Sunday, November 28, 2010

Judge says Punish Mothers who Refuse Fathers Contact with their Children


A Family Law Judge talks of 3 strikes and you are out in The Daily Mail

In other words if a mother refuses Contact with the father and defies a Court Order 3 times the children are moved to live with the father.

Problems with this approach:

1. Children suffer more - it does not work if the child is adamant that he wishes to remain with the mother and have no contact with the father. A recent case put a child in foster care and then had to return him to his mother as the child was so depressed.

2. Fathers who do not want their children to live with them - perhaps they have no room - the mother got the house maybe to accommodate the children in the divorce and the father has work commitments.

3. There could be valid reasons why Contact is being flouted

This is yet another punitive approach.

More resources should be channelled towards educating the parents - such as the Parenting Courses now available via the Courts.

What about a general acceptance that sometimes adult issues prevent children having a sustained and healthy relationship with either parent and that some people are just not very nice? After all if they do that to their own children how do they treat strangers?

There seems to be a focus in our society on people pursuing their own selfish ends and an obsession with their rights.

My suggestion:

There should be a presumption of Contact on Separation of at least every other weekend and the onus should be on the resident parent to show why this should not take place. Let us not forget how damaging and prevalent Domestic Violence is and the Courts should be able to assess the risk of this. After all that is their job!

4 comments:

Maddy said...

I don't want to be torn apart like the girl in the picture! Is that what will happen?

I am eight and a girl and I think mum and dad are splitting apart. (My sister says they are.)

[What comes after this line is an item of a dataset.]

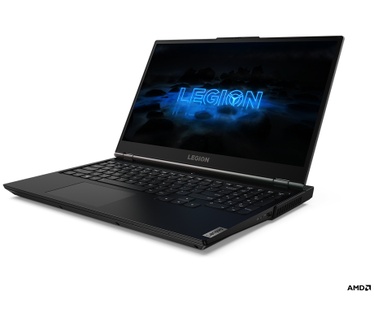 Lenovo 5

How do I decide where to put my things if I live in two houses?

i am getting my anger out in my blog because I threw a nose (plastic one) at my teacher and that is not akseptible behavior.

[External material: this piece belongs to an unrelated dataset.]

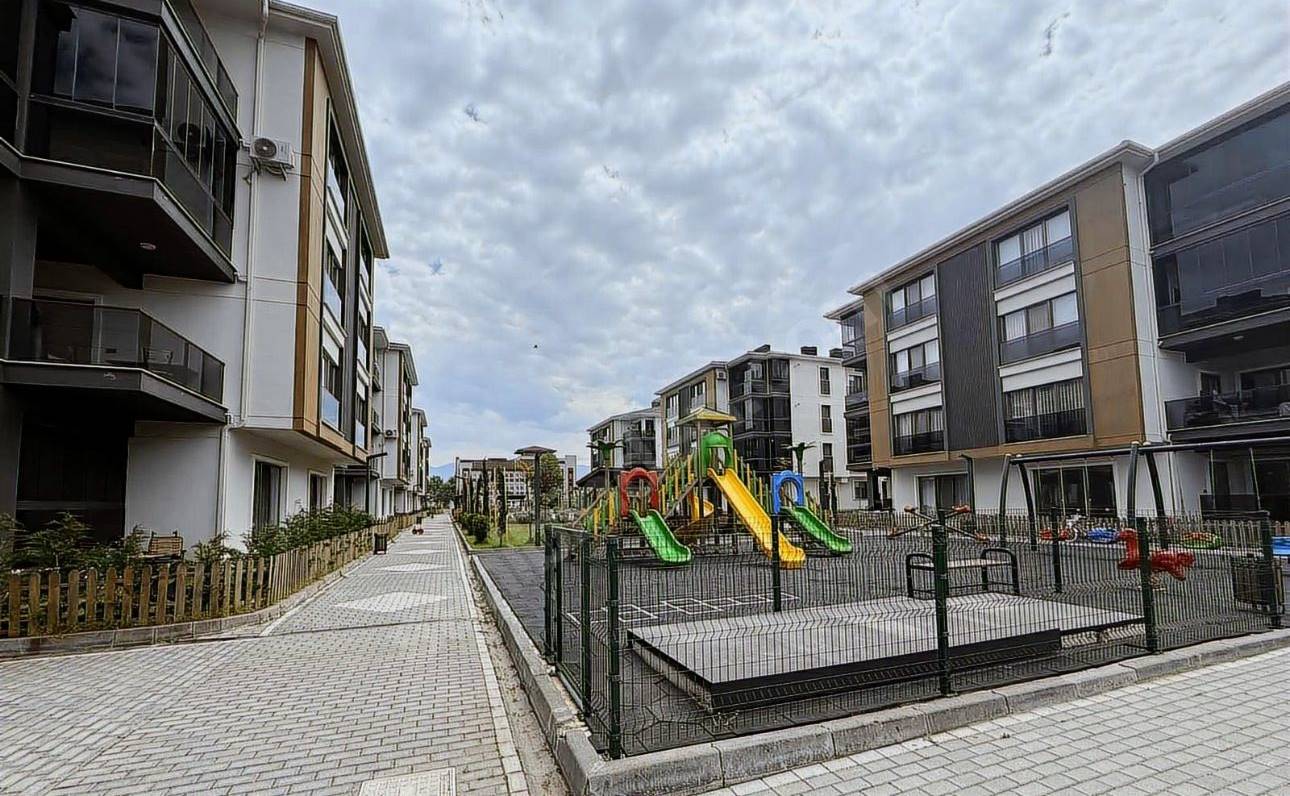 Kiralık&nbsp;Daire&nbsp;47,500&nbsp;TL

You can read it if you like.

it is called I HATE BEING EIGHT

www.ihatebeingeight.blogspot.com

please answer the question about the things and what about my guinee pig?

Love

Maddy

Anonymous said...

You are very mature for 8! You will not be torn apart if your parents are able to put your needs first. If they do separate you can choose where you want to keep your things - including your guinea pig. Most children live mainly with one parent so keep most of their things at that house and pack a bag to visit the other parent. For some children it is easier to have some toys and clothes at each house. Most children have so much stuff! Have a look at the CAFCASS website - there is a section for children and try to speak to an adult who can help - a teacher or a relative? Good luck and take care

national loans said...

I think is OK that mom to be punished when they refuse the access to father to see his child. Happy New Year to all!

Anonymous said...

A bad tempered father beat a good mother at least twice in front of kids to the point where police has to be involved, 1 of the kids end up in hospital because the father actions, father never wanted the kids and so avoid responsibilities by never doing anything for them since day one, suddenly the father wants access to the kids because the mother refuses to take him back, mother offers supervised visits bcs she fears father just wants revenge after been rejected, nobody listens to mother request for children’s safety, should this mother be punished bcs she seems to be the only one who sees the reality of the situation? What can a mother do when those so called professionals don’t do their job right? Why should a good mother suffer for the incompetence of others?